Data for this exercise Start Marker

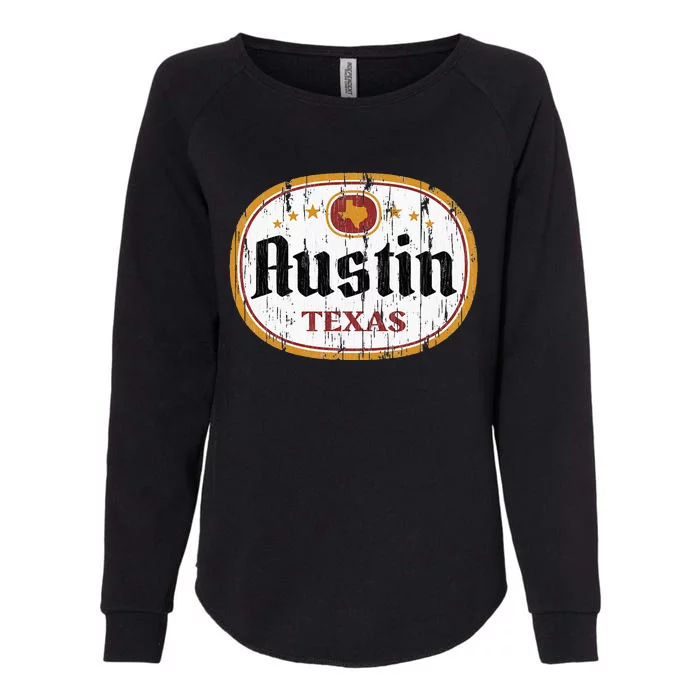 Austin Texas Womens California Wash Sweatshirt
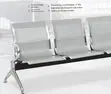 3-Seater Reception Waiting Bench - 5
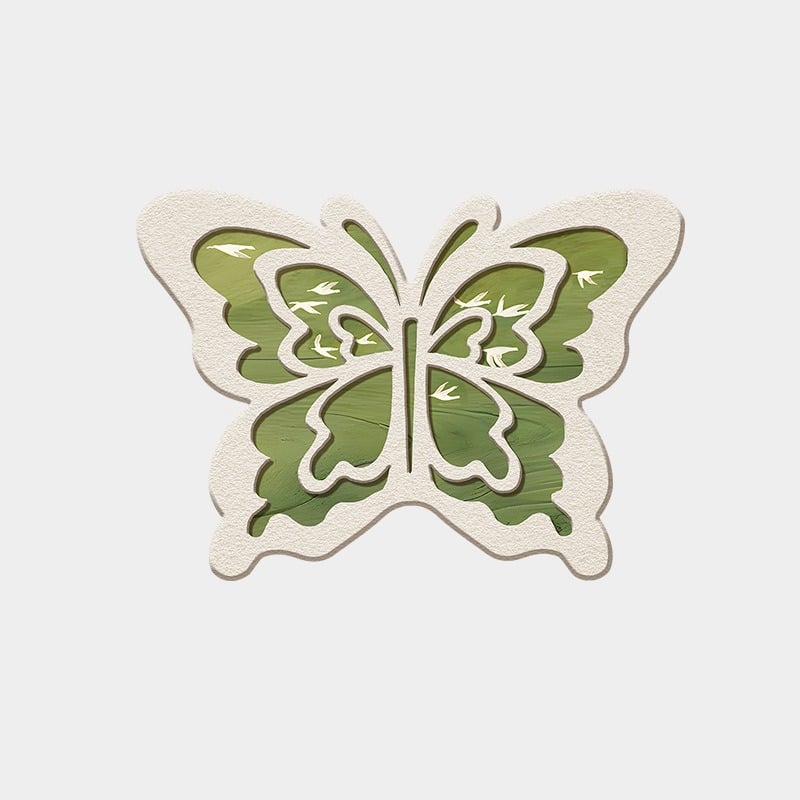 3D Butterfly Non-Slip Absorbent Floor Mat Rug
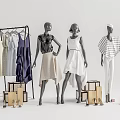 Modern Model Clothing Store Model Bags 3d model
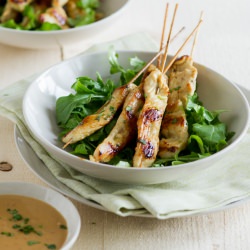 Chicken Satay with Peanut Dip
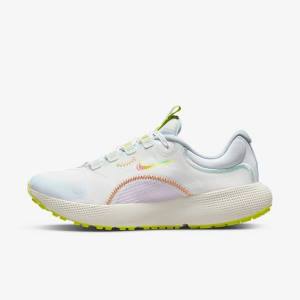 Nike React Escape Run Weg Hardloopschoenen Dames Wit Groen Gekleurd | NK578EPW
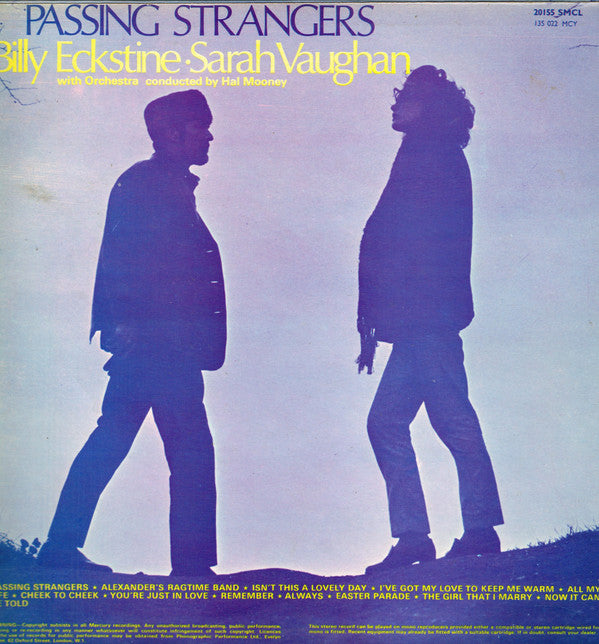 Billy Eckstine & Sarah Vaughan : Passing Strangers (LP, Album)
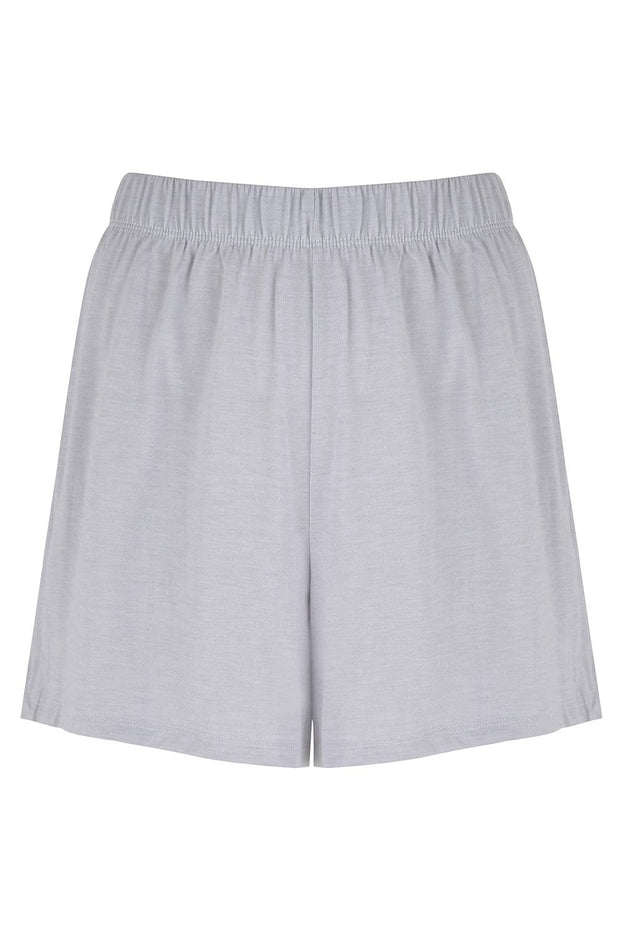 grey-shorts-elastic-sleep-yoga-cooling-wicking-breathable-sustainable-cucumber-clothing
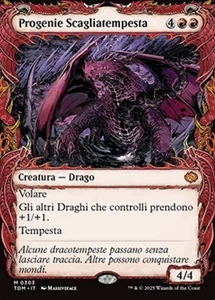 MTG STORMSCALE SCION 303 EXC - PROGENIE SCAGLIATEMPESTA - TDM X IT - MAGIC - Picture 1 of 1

Data for this exercise End Marker

What you need to do
If a record holds a picture, drop the picture and return the rest of it exactly.

Your response
 Austin Texas Womens California Wash Sweatshirt
 3-Seater Reception Waiting Bench - 5
 3D Butterfly Non-Slip Absorbent Floor Mat Rug
 Modern Model Clothing Store Model Bags 3d model
 Chicken Satay with Peanut Dip
 Nike React Escape Run Weg Hardloopschoenen Dames Wit Groen Gekleurd | NK578EPW
 Billy Eckstine & Sarah Vaughan : Passing Strangers (LP, Album)
 grey-shorts-elastic-sleep-yoga-cooling-wicking-breathable-sustainable-cucumber-clothing
 MTG STORMSCALE SCION 303 EXC - PROGENIE SCAGLIATEMPESTA - TDM X IT - MAGIC - Picture 1 of 1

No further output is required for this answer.